In February 2016, I went to an exhibition about Martin Scorsese. I was interested in Taxi Driver and in the character of Travis Bickle. I knew that he was a former soldier lost in New York, who took a job to get by. The day after that, I was talking to a taxi driver who worked for an app-based company and he explained to me that his father was a traditional taxi driver and that they had a strained relationship. After this conversation, I sat down full of feverish anger and energy and wrote chapters one and three of my book.
JRR: The book seems to be a grand novel of a very particular slice of contemporary Parisian life. You were born in Nantes and my understanding is that in France, regional differences are huge. Would you reflect on the differences between growing up outside of the center and writing about it so intimately?

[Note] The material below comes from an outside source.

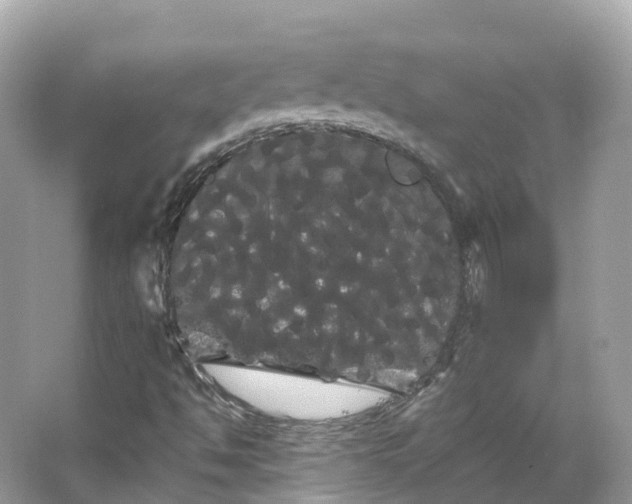 X0000066121494200603131314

MG: I see what you’re getting at. I generally believe that it is easier for us to understand things from the outside. I understand life better in Nantes now that I don’t live there anymore. Last year I lived in Germany and I understood France better than ever before. When I arrived in Paris, in 2006, it was a shock. So much wealth and so much speed. Paris seemed like a place of limitless possibilities. And then in less than a year, I wrote and staged a play there. The big difference between Paris and Nantes is that Nantes has almost no urban ghetto. I grew up in a small town of twenty thousand inhabitants, where all the social classes lived together and mixed. I almost never experienced racism, or at least, I didn’t notice it. Unlike my mother. By contrast in Paris, you can come from an ordinary background and study at a grande école, you just have to get on the metro. Paris seems inaccessible to people living outside of it. This is the drawback of very centralized countries. Finally, I would say that writing comes from what you see. You have to look around with your eyes wide open.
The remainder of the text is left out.